A recent survey shows that 24% of data teams use tools to find data quality issues, but they are typically left unresolved. This means that most data quality tools have the capability to catch problems and raise alerts in case the data quality deteriorates below an acceptable threshold. But still, they leave out an important aspect: automating the execution of data quality processes (whether based on time or certain events) and resolving the issues automatically. A lack of this strategy forces human intervention – which means, someone has to trigger, oversee, and end data quality processes in the tool to fix these issues.
This is a big overhead, especially in organizations that produce huge amounts of data every day. For this reason, companies have to hire more staff and expend more resources that are solely responsible for running the configured data quality checks on new upcoming data regularly. But some organizations do consider the possibility of automating large scale data quality verification for batch processing at certain times of the day or week.
In this blog, we are going to look at scheduled data quality validation, and also see how it compares to instant data quality validation.
Data quality validation
Before we get into the two different ways of handling data quality validation, it is important to revise what data quality validation actually encompasses.

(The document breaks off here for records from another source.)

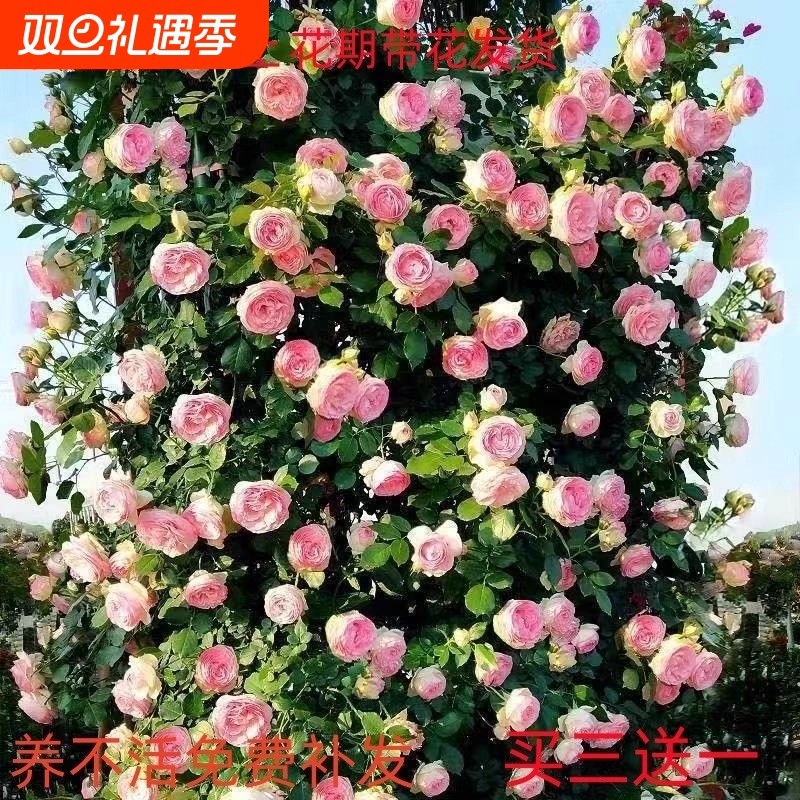 蔷薇花苗藤本月季小苗大花爬藤绿植物四季开花卉阳台攀援玫瑰盆栽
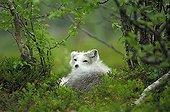 Arctic Fox (Alopex lagopus) resting in Fjellbirken forest, Norway, Scandinavia, Europe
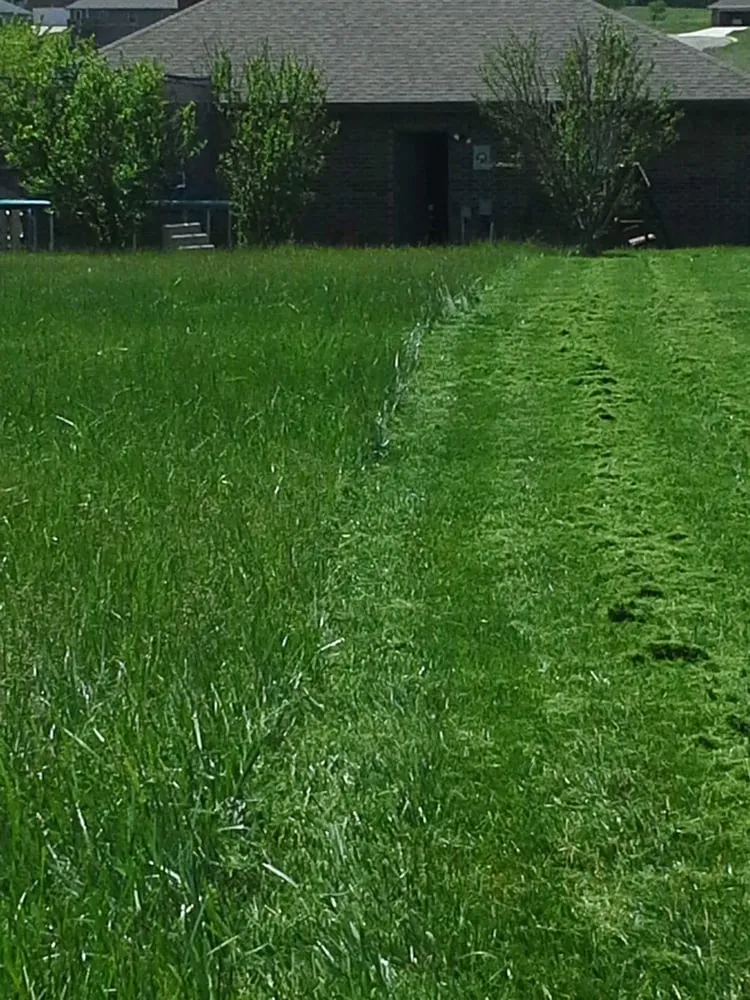 Top-rated residential landscaping for year-round maintenance in Ozark, MO by A Blade Above the Rest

Most data produced in organizations today has various forms of quality errors. For this reason, data leaders design data quality management frameworks or improvement plans that assess, identify, fix, and monitor data quality issues. In this framework, a list of data quality processes are configured to be executed on new data to ensure any errors that may arise are fixed in time. These processes usually include:
- Gathering input
- Fetching new data from disparate sources.
- Profiling data to highlight errors,
- Running data parsing, cleansing, and standardization techniques to achieve a consistent view,
- Matching records that belong to the same entity (exactly on a unique identifier or fuzzy matching on a combination of fields),
- Merging records together to remove unnecessary information and achieve a single source of truth.
- Loading output
- Storing the single source of truth to the destination source.
When to validate data quality?
The execution of these processes on new data can happen at two times: you can either schedule data quality validation to happen at a later time in the day or week (scheduled), or validate it immediately on every upcoming data stream before it is stored in database (real-time).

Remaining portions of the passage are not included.